• WORK REQUEST
Through the end of the data below, output every line exactly, beginning with the line that contains "Bild - Reetgedecktes".

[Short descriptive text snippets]

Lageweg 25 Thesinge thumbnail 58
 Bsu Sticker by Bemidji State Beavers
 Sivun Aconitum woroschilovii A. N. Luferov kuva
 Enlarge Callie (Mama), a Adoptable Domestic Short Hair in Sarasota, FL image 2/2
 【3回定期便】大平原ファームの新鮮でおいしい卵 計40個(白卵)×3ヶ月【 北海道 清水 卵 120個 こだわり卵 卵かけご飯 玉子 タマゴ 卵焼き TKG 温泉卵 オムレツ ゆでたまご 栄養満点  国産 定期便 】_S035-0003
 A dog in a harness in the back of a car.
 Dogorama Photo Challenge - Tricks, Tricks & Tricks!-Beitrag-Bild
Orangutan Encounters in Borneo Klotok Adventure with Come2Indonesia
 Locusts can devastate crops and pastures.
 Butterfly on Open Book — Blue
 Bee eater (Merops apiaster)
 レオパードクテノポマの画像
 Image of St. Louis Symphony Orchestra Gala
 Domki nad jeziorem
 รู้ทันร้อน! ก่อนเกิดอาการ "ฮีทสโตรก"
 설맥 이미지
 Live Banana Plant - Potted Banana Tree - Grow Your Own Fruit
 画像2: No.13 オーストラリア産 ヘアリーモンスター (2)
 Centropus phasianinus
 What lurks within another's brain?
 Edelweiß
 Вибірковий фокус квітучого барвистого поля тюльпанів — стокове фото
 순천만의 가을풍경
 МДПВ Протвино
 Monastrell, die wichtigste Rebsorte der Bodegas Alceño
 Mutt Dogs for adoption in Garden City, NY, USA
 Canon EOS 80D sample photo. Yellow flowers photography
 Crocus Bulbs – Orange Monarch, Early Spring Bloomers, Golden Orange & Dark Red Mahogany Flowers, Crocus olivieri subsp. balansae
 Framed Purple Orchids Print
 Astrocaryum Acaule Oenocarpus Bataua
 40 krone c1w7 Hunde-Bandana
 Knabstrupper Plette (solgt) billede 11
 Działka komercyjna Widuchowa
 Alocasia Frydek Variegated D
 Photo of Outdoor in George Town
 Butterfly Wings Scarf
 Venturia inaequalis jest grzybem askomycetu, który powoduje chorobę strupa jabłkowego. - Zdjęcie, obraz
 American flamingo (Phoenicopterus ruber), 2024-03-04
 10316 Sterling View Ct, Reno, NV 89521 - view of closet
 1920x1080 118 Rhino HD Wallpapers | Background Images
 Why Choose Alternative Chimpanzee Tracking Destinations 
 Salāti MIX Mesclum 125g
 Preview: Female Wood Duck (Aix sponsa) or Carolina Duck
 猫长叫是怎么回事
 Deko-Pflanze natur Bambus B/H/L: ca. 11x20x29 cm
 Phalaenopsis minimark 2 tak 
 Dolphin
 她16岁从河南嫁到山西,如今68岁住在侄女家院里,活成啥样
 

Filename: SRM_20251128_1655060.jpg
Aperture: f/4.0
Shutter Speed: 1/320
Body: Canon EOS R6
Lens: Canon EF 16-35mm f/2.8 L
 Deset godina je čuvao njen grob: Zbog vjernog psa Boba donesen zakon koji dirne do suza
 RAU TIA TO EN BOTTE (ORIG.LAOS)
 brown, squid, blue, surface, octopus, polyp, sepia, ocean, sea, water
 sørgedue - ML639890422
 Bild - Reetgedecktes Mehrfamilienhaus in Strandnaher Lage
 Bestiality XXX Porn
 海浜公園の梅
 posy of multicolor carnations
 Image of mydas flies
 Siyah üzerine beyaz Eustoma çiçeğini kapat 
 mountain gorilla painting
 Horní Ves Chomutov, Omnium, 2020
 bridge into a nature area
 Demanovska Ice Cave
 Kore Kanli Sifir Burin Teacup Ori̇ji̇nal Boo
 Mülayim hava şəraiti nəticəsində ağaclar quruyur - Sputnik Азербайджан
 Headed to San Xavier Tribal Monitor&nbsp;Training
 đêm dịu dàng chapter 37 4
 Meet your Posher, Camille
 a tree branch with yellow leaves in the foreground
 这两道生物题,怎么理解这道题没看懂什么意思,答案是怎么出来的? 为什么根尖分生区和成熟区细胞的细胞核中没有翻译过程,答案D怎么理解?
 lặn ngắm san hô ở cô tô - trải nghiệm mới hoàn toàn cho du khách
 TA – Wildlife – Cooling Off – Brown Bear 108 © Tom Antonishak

• OUTPUT OF THE TASK
 Bild - Reetgedecktes Mehrfamilienhaus in Strandnaher Lage
 Bestiality XXX Porn
 海浜公園の梅
 posy of multicolor carnations
 Image of mydas flies
 Siyah üzerine beyaz Eustoma çiçeğini kapat 
 mountain gorilla painting
 Horní Ves Chomutov, Omnium, 2020
 bridge into a nature area
 Demanovska Ice Cave
 Kore Kanli Sifir Burin Teacup Ori̇ji̇nal Boo
 Mülayim hava şəraiti nəticəsində ağaclar quruyur - Sputnik Азербайджан
 Headed to San Xavier Tribal Monitor&nbsp;Training
 đêm dịu dàng chapter 37 4
 Meet your Posher, Camille
 a tree branch with yellow leaves in the foreground
 这两道生物题,怎么理解这道题没看懂什么意思,答案是怎么出来的? 为什么根尖分生区和成熟区细胞的细胞核中没有翻译过程,答案D怎么理解?
 lặn ngắm san hô ở cô tô - trải nghiệm mới hoàn toàn cho du khách
 TA – Wildlife – Cooling Off – Brown Bear 108 © Tom Antonishak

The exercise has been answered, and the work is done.